> _PROBLEM REQUIREMENTS_:
An exact reproduction of the data below is the required answer.

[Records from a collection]
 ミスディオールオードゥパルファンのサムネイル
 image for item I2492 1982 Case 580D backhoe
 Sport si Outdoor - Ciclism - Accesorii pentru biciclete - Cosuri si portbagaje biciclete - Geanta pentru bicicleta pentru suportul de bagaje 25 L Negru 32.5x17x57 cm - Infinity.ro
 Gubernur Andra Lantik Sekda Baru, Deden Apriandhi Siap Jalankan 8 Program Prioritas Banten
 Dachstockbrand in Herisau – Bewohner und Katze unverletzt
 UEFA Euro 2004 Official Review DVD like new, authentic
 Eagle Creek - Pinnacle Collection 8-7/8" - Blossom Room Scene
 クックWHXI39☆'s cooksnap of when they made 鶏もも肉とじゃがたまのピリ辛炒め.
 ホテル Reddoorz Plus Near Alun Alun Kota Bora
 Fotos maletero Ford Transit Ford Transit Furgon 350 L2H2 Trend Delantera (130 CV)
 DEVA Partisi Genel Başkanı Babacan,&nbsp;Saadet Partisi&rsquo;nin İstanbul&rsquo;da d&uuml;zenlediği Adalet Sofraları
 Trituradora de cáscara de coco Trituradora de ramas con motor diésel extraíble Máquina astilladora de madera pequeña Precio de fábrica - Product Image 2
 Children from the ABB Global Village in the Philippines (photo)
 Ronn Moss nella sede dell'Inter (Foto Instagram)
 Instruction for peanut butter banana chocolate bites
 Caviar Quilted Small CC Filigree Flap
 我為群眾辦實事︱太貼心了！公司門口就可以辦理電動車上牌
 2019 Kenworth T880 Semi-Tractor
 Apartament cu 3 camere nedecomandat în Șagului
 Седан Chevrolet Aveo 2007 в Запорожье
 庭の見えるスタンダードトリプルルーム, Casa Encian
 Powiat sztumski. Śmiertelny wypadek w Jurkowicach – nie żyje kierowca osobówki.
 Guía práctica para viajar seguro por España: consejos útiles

> _ANSWER BOX_:
 ミスディオールオードゥパルファンのサムネイル
 image for item I2492 1982 Case 580D backhoe
 Sport si Outdoor - Ciclism - Accesorii pentru biciclete - Cosuri si portbagaje biciclete - Geanta pentru bicicleta pentru suportul de bagaje 25 L Negru 32.5x17x57 cm - Infinity.ro
 Gubernur Andra Lantik Sekda Baru, Deden Apriandhi Siap Jalankan 8 Program Prioritas Banten
 Dachstockbrand in Herisau – Bewohner und Katze unverletzt
 UEFA Euro 2004 Official Review DVD like new, authentic
 Eagle Creek - Pinnacle Collection 8-7/8" - Blossom Room Scene
 クックWHXI39☆'s cooksnap of when they made 鶏もも肉とじゃがたまのピリ辛炒め.
 ホテル Reddoorz Plus Near Alun Alun Kota Bora
 Fotos maletero Ford Transit Ford Transit Furgon 350 L2H2 Trend Delantera (130 CV)
 DEVA Partisi Genel Başkanı Babacan,&nbsp;Saadet Partisi&rsquo;nin İstanbul&rsquo;da d&uuml;zenlediği Adalet Sofraları
 Trituradora de cáscara de coco Trituradora de ramas con motor diésel extraíble Máquina astilladora de madera pequeña Precio de fábrica - Product Image 2
 Children from the ABB Global Village in the Philippines (photo)
 Ronn Moss nella sede dell'Inter (Foto Instagram)
 Instruction for peanut butter banana chocolate bites
 Caviar Quilted Small CC Filigree Flap
 我為群眾辦實事︱太貼心了！公司門口就可以辦理電動車上牌
 2019 Kenworth T880 Semi-Tractor
 Apartament cu 3 camere nedecomandat în Șagului
 Седан Chevrolet Aveo 2007 в Запорожье
 庭の見えるスタンダードトリプルルーム, Casa Encian
 Powiat sztumski. Śmiertelny wypadek w Jurkowicach – nie żyje kierowca osobówki.
 Guía práctica para viajar seguro por España: consejos útiles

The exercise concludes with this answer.